▸ **PROBLEM DESCRIPTION**
After locating the line that contains "成約済の茨城県のパグ-83657の2枚目" in the records below, write out exactly that line and each line after it through the one that contains "cosa fare quando", and nothing else.

▸ **DATA RECORDS**
•••
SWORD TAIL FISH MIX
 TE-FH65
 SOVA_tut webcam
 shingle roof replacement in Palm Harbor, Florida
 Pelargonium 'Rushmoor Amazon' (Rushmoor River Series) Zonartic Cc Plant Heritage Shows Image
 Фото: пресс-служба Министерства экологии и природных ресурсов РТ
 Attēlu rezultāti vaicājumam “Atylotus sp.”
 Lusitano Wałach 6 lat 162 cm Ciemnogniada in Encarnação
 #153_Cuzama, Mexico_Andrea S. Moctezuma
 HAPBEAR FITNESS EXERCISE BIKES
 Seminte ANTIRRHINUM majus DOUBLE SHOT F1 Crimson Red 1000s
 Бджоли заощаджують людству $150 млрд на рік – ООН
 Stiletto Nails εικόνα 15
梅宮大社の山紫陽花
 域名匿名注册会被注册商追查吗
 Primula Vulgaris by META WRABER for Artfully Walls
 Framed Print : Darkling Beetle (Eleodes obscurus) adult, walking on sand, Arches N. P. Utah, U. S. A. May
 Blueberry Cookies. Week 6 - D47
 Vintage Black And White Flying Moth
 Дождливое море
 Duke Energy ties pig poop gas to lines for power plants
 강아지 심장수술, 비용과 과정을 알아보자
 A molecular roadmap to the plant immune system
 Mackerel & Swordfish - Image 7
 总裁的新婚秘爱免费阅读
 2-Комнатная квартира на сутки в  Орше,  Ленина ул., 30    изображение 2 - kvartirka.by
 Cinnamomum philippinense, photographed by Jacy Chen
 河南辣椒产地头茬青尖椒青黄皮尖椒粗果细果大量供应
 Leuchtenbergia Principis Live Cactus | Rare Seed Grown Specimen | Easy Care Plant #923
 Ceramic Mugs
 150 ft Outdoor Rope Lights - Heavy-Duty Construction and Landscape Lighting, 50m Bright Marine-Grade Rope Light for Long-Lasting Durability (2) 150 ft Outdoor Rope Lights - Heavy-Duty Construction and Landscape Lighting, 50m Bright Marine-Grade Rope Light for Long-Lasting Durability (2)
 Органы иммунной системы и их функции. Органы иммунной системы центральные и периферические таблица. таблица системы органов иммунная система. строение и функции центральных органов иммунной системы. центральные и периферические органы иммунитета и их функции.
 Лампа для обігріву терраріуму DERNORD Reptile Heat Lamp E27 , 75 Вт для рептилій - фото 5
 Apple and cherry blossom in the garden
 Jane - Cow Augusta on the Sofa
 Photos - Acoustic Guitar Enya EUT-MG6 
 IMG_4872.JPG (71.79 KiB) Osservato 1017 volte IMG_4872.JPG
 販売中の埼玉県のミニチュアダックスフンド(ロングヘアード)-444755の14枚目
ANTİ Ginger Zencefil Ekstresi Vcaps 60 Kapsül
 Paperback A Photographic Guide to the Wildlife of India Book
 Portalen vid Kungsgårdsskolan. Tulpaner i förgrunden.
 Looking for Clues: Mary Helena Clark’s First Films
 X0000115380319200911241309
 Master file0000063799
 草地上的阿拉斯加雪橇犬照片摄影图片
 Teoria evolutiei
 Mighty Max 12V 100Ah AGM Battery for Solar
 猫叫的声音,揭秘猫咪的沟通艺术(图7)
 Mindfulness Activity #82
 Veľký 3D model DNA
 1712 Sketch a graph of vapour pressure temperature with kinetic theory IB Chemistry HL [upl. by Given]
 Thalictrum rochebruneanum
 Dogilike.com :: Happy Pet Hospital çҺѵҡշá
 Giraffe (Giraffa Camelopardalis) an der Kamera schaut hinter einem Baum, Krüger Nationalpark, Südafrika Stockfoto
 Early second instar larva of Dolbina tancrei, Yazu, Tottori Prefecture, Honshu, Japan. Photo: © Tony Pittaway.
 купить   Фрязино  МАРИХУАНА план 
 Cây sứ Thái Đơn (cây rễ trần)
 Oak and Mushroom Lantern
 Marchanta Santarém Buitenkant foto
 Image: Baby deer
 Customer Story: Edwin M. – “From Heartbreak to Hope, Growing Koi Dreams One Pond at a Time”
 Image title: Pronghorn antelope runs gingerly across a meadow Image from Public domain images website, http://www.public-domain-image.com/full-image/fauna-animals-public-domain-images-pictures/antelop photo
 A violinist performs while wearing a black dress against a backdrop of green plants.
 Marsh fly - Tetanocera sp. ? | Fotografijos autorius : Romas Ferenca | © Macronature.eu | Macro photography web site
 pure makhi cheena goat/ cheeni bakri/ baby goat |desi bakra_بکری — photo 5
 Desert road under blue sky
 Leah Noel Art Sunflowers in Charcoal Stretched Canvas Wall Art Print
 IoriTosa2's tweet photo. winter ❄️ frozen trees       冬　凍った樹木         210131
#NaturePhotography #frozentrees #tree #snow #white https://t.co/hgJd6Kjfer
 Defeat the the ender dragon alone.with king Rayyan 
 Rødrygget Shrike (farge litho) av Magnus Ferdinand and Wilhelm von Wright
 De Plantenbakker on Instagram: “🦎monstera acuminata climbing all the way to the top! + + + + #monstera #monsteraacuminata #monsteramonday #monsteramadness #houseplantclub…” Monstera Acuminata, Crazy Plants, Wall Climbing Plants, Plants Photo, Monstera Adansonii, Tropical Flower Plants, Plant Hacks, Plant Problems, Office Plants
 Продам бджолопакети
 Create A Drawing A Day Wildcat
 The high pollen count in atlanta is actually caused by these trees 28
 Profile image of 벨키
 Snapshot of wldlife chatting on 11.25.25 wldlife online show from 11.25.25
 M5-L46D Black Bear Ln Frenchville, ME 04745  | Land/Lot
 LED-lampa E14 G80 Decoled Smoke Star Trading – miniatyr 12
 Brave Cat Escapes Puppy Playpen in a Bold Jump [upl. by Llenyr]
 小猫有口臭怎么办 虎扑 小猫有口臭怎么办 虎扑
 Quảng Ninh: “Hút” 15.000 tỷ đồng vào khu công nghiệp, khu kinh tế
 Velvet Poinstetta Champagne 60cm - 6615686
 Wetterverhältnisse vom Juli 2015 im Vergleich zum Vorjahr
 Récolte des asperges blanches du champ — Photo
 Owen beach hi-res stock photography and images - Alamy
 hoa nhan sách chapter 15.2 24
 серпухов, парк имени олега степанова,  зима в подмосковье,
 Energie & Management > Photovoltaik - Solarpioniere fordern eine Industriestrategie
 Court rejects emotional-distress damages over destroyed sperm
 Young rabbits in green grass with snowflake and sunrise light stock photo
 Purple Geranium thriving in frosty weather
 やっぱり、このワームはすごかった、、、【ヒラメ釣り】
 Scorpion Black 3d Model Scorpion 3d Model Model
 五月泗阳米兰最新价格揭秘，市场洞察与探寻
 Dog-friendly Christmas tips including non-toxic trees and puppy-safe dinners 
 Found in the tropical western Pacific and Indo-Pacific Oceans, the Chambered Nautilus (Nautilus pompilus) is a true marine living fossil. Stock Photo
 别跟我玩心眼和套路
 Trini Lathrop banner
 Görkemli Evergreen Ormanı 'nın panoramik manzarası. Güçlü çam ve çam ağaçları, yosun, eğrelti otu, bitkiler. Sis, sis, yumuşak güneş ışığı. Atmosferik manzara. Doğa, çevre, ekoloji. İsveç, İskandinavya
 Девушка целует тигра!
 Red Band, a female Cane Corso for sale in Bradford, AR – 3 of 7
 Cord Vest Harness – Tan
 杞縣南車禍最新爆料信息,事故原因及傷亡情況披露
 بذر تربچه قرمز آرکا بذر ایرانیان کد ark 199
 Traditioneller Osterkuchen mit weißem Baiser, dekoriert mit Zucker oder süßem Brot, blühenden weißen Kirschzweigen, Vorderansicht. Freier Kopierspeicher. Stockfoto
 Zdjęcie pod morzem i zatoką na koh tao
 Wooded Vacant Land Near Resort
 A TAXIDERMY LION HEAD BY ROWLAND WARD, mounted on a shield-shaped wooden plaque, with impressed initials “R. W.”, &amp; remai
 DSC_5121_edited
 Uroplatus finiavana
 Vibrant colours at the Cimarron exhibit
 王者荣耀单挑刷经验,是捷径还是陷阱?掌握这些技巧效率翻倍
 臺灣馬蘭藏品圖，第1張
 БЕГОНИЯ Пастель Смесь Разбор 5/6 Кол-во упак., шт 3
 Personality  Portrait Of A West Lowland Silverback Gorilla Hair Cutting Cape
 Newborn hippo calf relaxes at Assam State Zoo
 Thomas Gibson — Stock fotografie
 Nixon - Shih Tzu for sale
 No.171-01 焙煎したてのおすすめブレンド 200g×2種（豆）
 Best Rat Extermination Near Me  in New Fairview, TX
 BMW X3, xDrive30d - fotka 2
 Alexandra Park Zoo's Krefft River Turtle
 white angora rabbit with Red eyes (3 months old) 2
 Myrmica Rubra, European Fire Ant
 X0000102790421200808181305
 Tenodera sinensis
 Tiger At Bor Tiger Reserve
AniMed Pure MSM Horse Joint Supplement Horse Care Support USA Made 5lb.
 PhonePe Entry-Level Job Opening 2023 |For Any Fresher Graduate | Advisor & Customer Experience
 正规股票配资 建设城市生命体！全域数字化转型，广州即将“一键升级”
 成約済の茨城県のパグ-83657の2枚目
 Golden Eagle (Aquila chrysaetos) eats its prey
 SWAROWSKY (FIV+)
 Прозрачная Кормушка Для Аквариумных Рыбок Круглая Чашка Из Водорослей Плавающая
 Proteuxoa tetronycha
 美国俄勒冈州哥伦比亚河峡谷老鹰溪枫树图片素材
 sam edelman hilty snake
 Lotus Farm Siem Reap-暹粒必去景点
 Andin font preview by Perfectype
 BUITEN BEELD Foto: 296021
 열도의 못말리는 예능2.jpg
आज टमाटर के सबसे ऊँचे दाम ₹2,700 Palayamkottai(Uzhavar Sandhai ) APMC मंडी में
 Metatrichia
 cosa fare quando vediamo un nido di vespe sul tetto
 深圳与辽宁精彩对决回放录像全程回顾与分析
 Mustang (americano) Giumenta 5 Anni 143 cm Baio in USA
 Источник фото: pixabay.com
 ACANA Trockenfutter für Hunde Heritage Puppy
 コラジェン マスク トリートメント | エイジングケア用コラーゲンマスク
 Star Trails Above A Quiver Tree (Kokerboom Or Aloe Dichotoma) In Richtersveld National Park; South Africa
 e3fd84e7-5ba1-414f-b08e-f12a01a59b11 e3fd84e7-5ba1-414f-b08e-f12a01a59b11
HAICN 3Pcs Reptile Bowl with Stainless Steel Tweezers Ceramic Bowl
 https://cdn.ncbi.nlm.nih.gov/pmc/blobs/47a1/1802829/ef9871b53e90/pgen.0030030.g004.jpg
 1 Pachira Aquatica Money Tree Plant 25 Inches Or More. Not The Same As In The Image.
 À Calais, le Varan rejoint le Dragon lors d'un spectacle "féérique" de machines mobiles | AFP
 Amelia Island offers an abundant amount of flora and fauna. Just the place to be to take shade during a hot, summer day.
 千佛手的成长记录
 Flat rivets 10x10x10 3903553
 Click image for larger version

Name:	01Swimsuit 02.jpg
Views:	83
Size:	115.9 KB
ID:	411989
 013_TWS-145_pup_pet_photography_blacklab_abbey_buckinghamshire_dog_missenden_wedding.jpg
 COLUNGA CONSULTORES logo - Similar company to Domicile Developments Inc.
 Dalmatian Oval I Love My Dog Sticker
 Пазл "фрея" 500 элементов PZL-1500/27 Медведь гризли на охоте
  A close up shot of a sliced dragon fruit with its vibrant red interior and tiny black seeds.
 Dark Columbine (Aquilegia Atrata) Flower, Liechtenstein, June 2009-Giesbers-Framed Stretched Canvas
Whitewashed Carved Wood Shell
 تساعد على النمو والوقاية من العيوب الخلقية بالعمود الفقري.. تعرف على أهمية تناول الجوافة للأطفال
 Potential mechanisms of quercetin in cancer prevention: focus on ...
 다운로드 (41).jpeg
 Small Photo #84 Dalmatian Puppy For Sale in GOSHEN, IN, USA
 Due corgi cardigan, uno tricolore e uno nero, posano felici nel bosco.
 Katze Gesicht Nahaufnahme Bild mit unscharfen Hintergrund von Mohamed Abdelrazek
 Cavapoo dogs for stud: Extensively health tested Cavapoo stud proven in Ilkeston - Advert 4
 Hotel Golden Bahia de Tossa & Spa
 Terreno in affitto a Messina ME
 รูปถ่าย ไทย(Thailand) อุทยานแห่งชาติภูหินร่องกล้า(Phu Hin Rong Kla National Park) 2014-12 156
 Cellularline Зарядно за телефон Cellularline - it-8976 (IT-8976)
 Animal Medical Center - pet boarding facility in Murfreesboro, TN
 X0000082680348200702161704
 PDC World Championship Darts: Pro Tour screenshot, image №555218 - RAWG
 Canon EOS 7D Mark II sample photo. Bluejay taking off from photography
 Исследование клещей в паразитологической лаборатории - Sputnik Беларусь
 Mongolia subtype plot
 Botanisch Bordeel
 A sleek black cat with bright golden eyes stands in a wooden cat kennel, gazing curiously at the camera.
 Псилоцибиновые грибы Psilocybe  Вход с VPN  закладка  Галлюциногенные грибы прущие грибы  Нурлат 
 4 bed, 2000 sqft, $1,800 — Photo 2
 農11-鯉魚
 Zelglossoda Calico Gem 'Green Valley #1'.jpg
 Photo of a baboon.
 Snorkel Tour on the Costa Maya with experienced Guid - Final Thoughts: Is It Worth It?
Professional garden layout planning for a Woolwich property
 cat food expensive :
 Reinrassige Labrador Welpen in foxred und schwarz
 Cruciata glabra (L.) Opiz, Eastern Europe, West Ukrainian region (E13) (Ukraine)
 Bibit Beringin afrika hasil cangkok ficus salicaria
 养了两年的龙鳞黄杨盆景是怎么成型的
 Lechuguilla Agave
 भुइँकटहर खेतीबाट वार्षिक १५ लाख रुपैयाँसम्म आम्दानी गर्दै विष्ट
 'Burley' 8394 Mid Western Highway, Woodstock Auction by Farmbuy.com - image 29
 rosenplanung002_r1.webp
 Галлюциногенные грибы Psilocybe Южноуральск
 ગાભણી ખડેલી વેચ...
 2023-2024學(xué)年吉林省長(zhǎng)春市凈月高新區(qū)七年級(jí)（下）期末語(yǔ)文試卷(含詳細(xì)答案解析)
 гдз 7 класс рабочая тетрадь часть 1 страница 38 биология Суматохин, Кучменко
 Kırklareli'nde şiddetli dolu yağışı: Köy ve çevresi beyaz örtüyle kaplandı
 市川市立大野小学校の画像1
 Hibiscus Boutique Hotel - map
•••
▸ **ANSWER SECTION**
 成約済の茨城県のパグ-83657の2枚目
 Golden Eagle (Aquila chrysaetos) eats its prey
 SWAROWSKY (FIV+)
 Прозрачная Кормушка Для Аквариумных Рыбок Круглая Чашка Из Водорослей Плавающая
 Proteuxoa tetronycha
 美国俄勒冈州哥伦比亚河峡谷老鹰溪枫树图片素材
 sam edelman hilty snake
 Lotus Farm Siem Reap-暹粒必去景点
 Andin font preview by Perfectype
 BUITEN BEELD Foto: 296021
 열도의 못말리는 예능2.jpg
आज टमाटर के सबसे ऊँचे दाम ₹2,700 Palayamkottai(Uzhavar Sandhai ) APMC मंडी में
 Metatrichia
 cosa fare quando vediamo un nido di vespe sul tetto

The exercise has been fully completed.